WORK TASK – Please output the section of the listing below that opens with the line containing "Tizenhárom millió euróból" and closes with the line containing "AI và mô hình", exactly and with nothing else.
● ● ● ● ● ● ●
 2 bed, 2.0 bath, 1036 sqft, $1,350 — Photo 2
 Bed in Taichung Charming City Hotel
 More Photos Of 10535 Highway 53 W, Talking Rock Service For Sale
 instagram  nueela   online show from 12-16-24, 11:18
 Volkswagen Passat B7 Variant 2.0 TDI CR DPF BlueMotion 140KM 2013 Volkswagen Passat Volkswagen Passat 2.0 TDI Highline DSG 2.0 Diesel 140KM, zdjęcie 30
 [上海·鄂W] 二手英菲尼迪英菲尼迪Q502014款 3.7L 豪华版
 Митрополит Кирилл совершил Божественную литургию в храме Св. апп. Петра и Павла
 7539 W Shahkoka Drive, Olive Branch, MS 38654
● ● ● ● ● ● ●
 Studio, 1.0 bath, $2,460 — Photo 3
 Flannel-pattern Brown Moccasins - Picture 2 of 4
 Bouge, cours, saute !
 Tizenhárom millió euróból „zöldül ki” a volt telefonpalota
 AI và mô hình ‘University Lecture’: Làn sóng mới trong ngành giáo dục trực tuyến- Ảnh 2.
● ● ● ● ● ● ●
TASK RESPONSE –
 Tizenhárom millió euróból „zöldül ki” a volt telefonpalota
 AI và mô hình ‘University Lecture’: Làn sóng mới trong ngành giáo dục trực tuyến- Ảnh 2.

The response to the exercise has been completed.